▶ _Try it_
Quote only the lines that start at the line with "Easter eggs Easter" and run to the end of the entries; omit the pictures.

### Input data ###

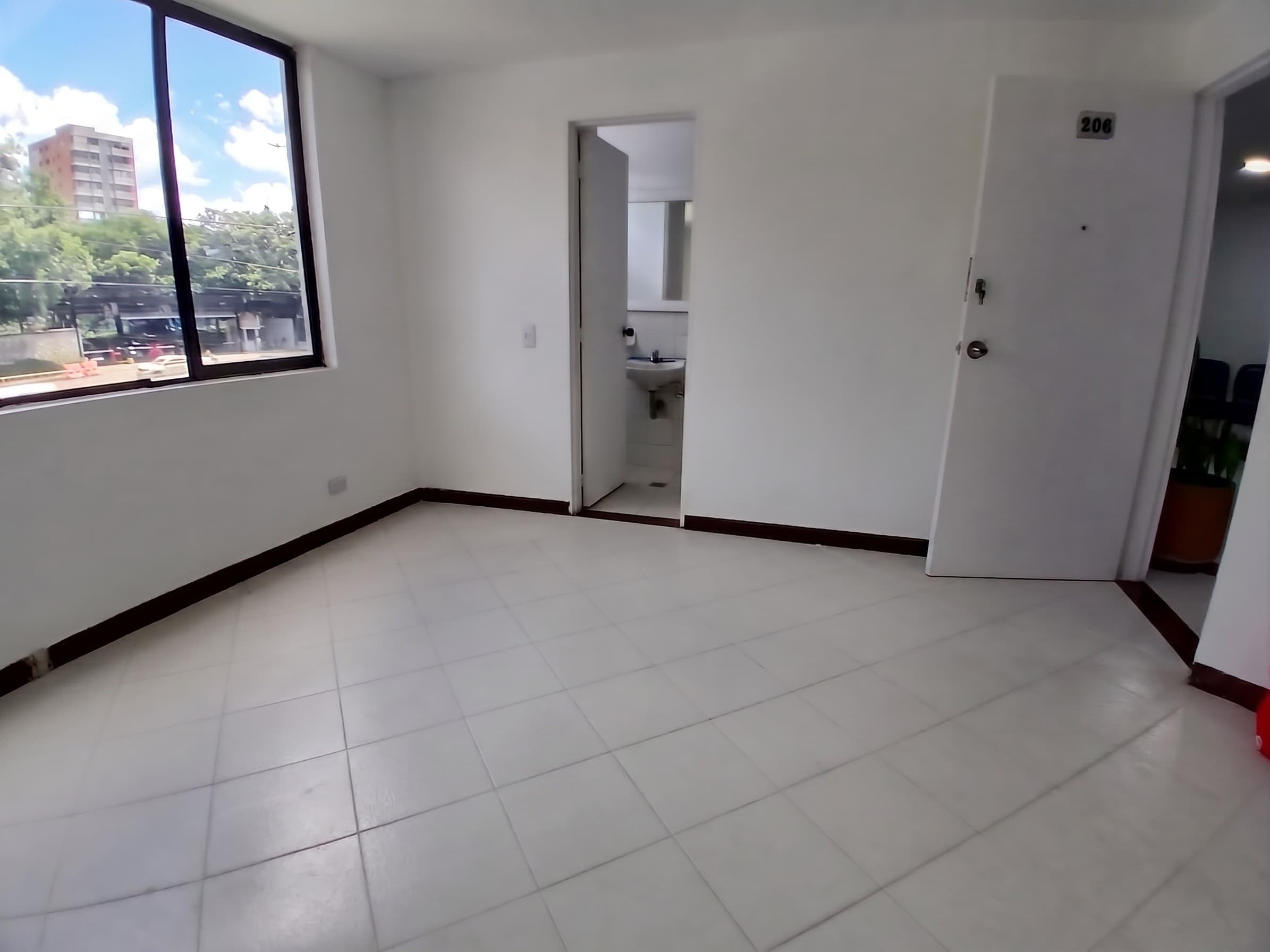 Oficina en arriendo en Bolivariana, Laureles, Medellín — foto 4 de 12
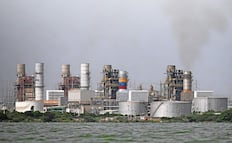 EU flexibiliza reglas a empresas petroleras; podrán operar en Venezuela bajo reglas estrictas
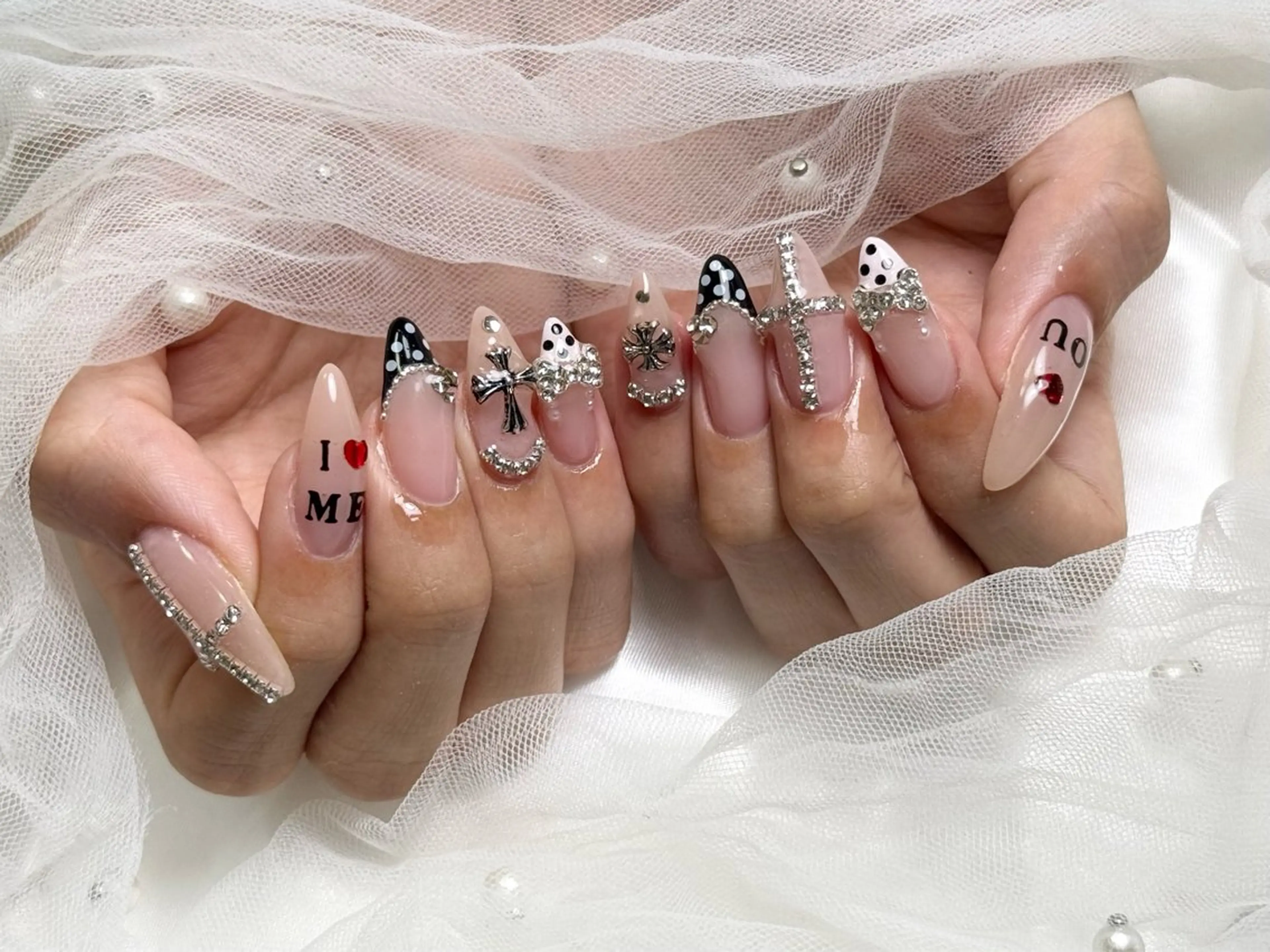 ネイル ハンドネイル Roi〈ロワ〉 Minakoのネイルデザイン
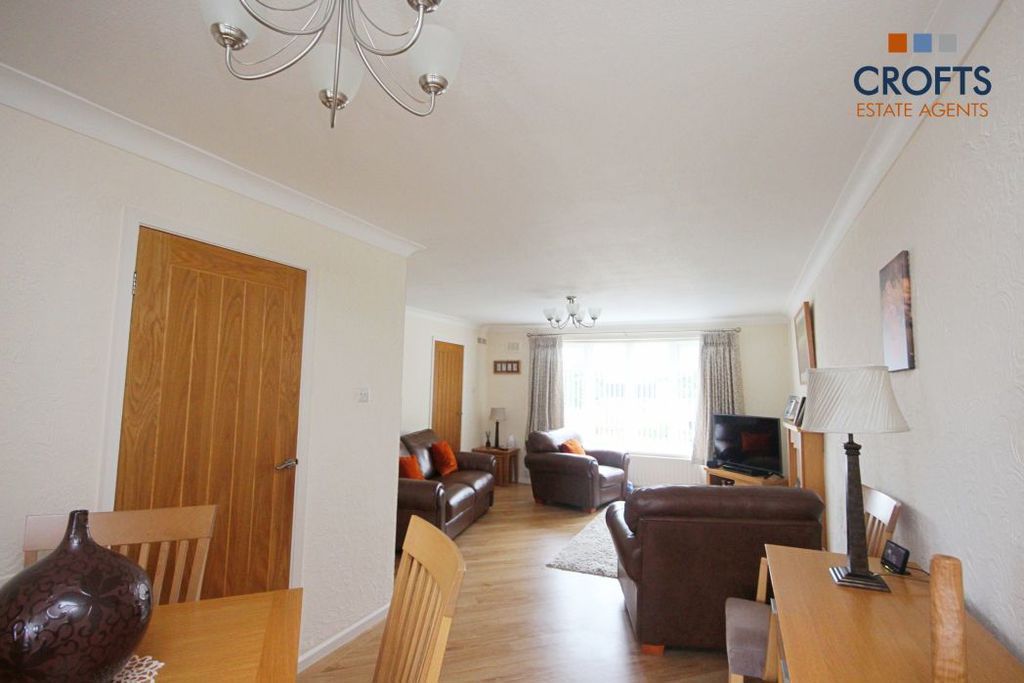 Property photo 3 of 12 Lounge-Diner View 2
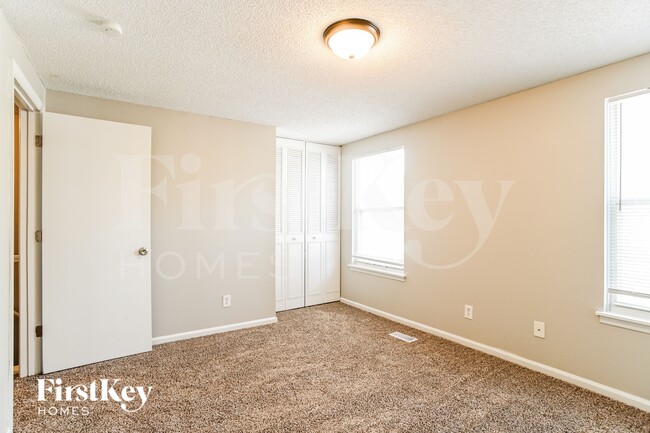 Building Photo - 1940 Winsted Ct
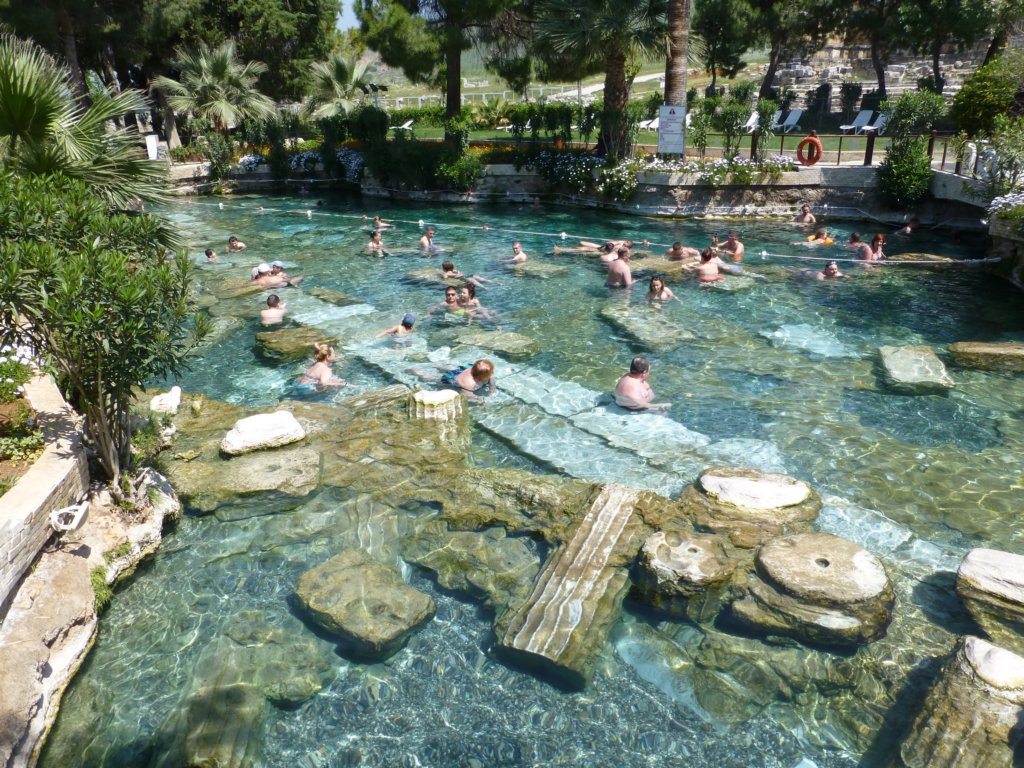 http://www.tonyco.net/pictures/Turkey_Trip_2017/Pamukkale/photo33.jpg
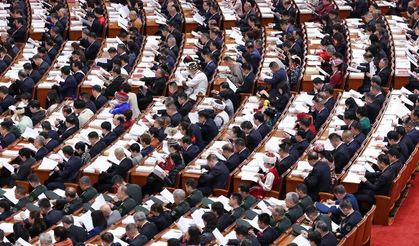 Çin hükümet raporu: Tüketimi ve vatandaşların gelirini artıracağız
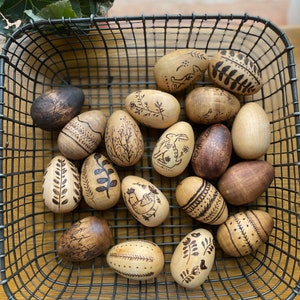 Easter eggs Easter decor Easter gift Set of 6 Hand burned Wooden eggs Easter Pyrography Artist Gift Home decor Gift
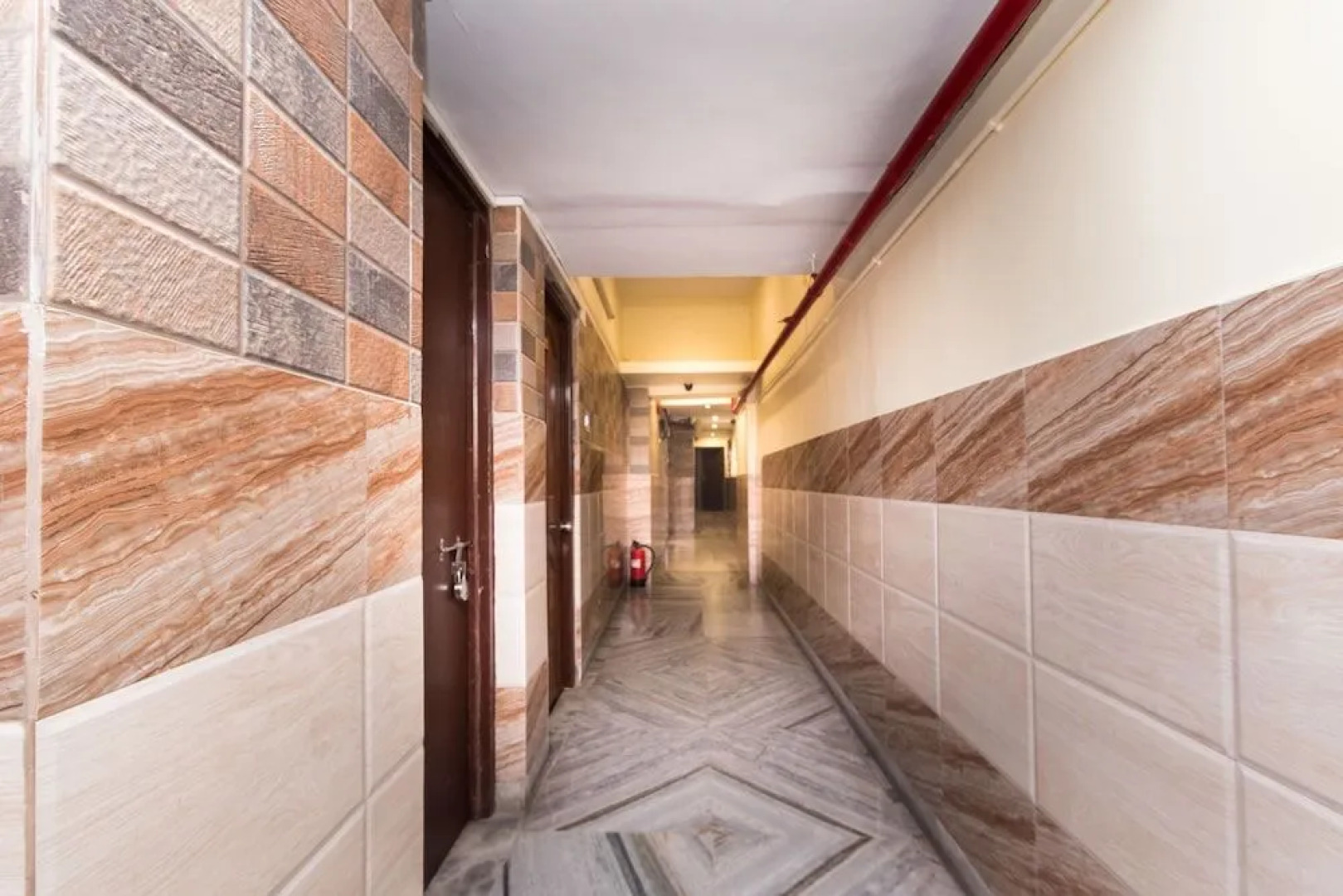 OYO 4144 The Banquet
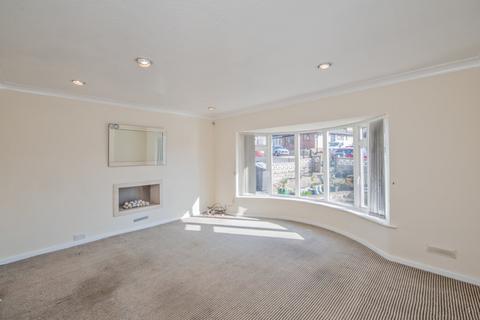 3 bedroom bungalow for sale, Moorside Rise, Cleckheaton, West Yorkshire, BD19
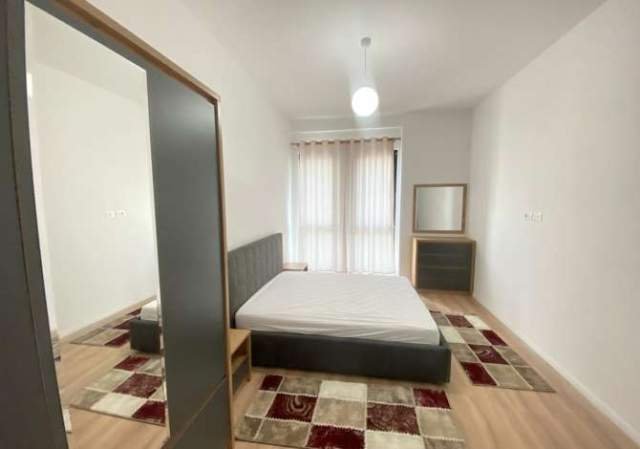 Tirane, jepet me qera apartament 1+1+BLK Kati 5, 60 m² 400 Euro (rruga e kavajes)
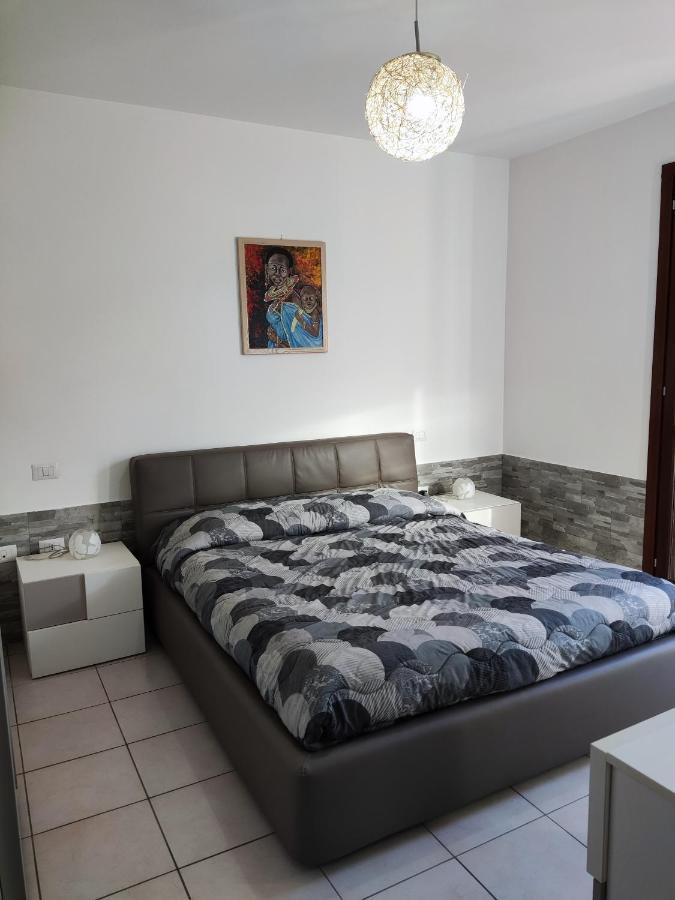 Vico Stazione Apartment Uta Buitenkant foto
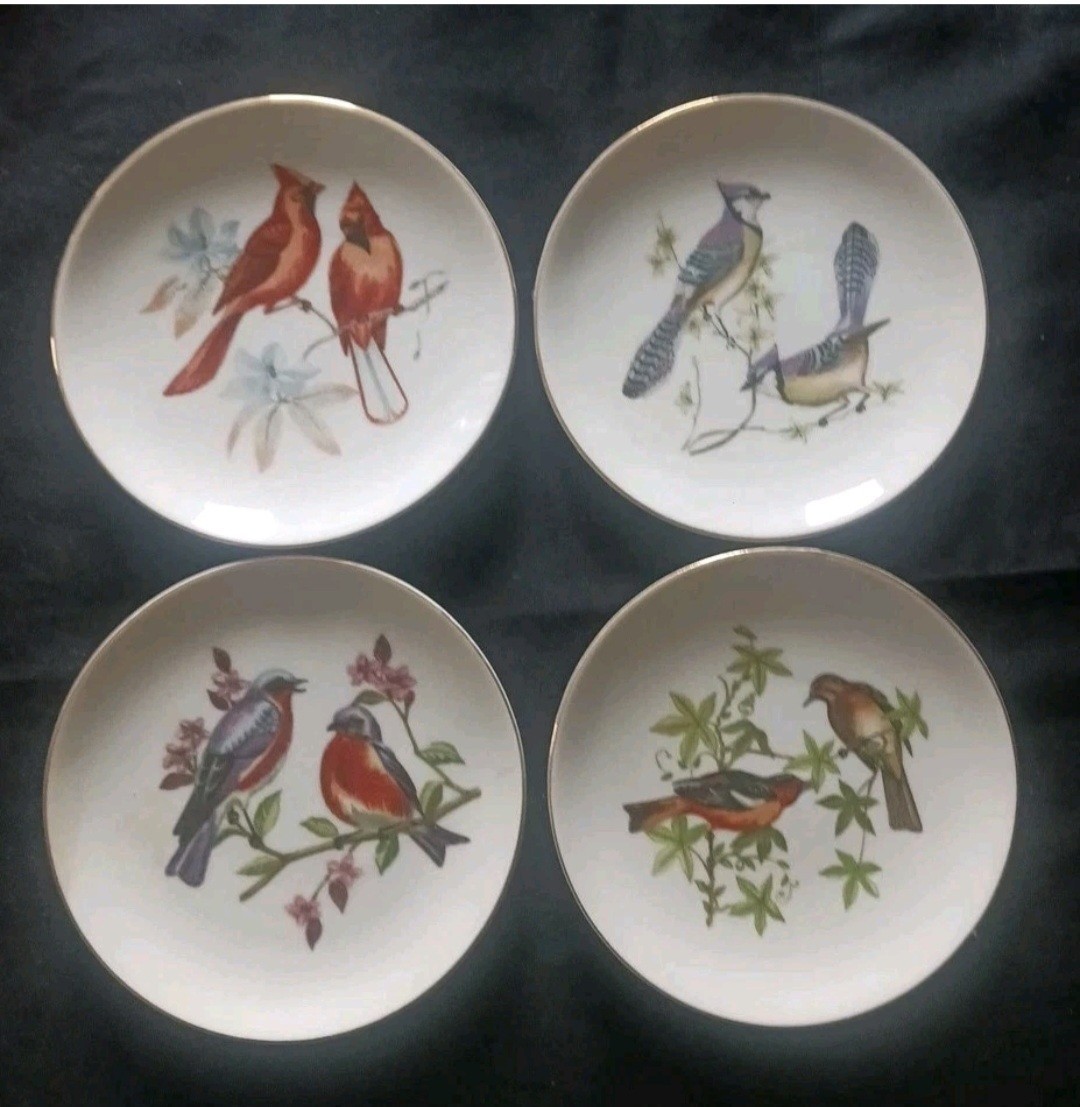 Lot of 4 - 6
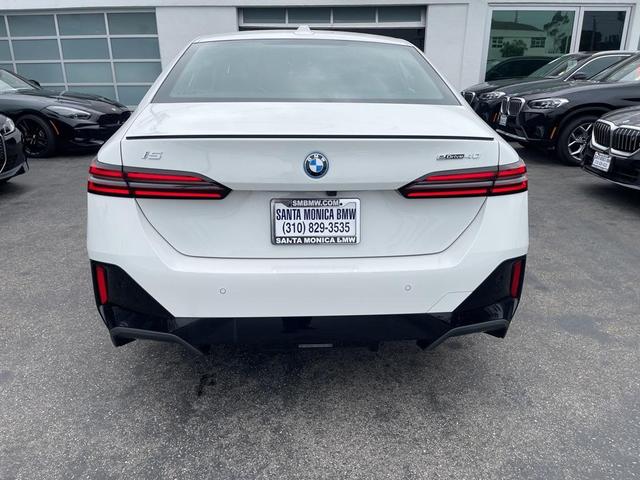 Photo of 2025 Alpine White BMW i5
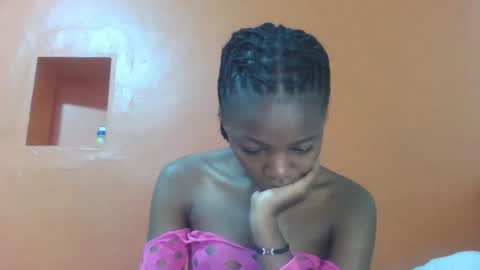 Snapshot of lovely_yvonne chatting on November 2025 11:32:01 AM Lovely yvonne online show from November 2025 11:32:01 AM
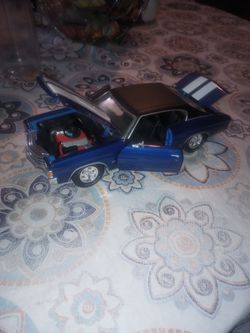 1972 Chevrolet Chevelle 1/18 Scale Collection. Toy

###

▶ _Exercise solution_
 Easter eggs Easter decor Easter gift Set of 6 Hand burned Wooden eggs Easter Pyrography Artist Gift Home decor Gift
 OYO 4144 The Banquet
 3 bedroom bungalow for sale, Moorside Rise, Cleckheaton, West Yorkshire, BD19
 Tirane, jepet me qera apartament 1+1+BLK Kati 5, 60 m² 400 Euro (rruga e kavajes)
 Vico Stazione Apartment Uta Buitenkant foto
 Lot of 4 - 6
 Photo of 2025 Alpine White BMW i5
 Snapshot of lovely_yvonne chatting on November 2025 11:32:01 AM Lovely yvonne online show from November 2025 11:32:01 AM
 1972 Chevrolet Chevelle 1/18 Scale Collection. Toy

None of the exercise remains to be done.